No Fix for Recession Without a Financial Crisis -Charles Hughes Smith Blog
"The saying 'never let a crisis go to waste' embodies several truths worth pondering as the stock market nears new highs. One truth is that extreme policies that would raise objections in typical times can be swept into law in the 'we have to do something' panic of a crisis....A second truth is that crises and solutions are generally symmetric: a moderate era enables moderate solutions, crisis eras demand extreme solutions. The Federal Reserve and other central banks are ready for bubble-related financial crises: they have the extreme tools of zero-interest rate policy (ZIRP), negative-interest rate policy (NIRP), unlimited credit lines, unlimited liquidity, the purchase of trillions of dollars of assets, etc. But what if the current speculative credit bubbles in junk bonds, stocks and other assets don't crash into crisis? What if they deflate slowly, losing value steadily but with the occasional blip up to signal 'the Fed has our back' and all is well? A slow, steady decline is precisely what we can expect in an era of credit exhaustion....As expanding credit no longer generates real-world growth, growth slows. This erosion is so gradual, it doesn't qualify as a crisis, and therefore central banks can't unleash crisis-era fixes. There are no extreme 'fixes' to secular declines in sales, profits, employment, tax revenues and asset prices....The Fed and other central banks are trapped in more ways than one."

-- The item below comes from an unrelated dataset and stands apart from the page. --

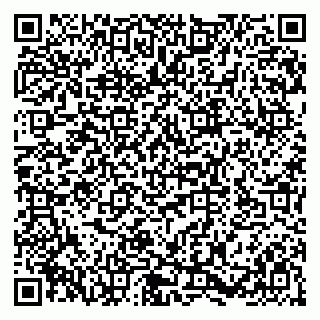 vCard 79580135637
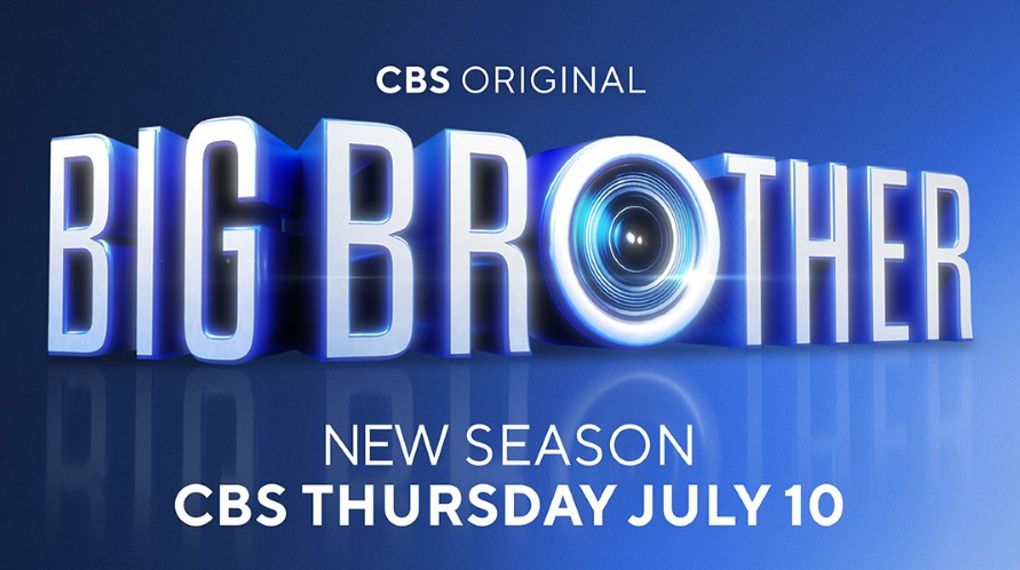 Big Brother 27 new season starts July 2025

Stock market's central-bank joy ride is coming to an end -Marketwatch
"Welcome to the calm before the storm....Our call of the day, from Hussein Sayed, chief market strategist at broker FXTM, agrees, as he says it's time for investors to start holding Wall Street itself responsible for further stock market gains. 'The boost provided to equity markets from the shift in central banks seems to be exhausted with the S&P 500 standing 1.7% away from an all-time high. Investors hoping for an interest rate cut may not see one coming any time soon, suggesting that they shouldn't continue betting on monetary policy to push equities further,' he told clients Thursday. Pundits have been telling us for a while that central banks can't keep rescuing this stock market after years of easy-money policies, though the Fed managed to do just that at the start of the year. In Wednesday's minutes from its March meeting, the U.S. central bank showed no indication of any cuts to come, with some members even saying they'd consider a hike, depending on data....'The index has risen 15.2% so far year-to-date, and for the rally to be sustained, investors need assurance that we're not going to hit an earnings recession. A dovish Fed won't be enough to keep the party on,' he says. Last word goes to asset manager Guggenheim Investment, which told clients in a recent research note...stocks could get crushed due to lofty valuations and one more thing - lack of central bank firepower."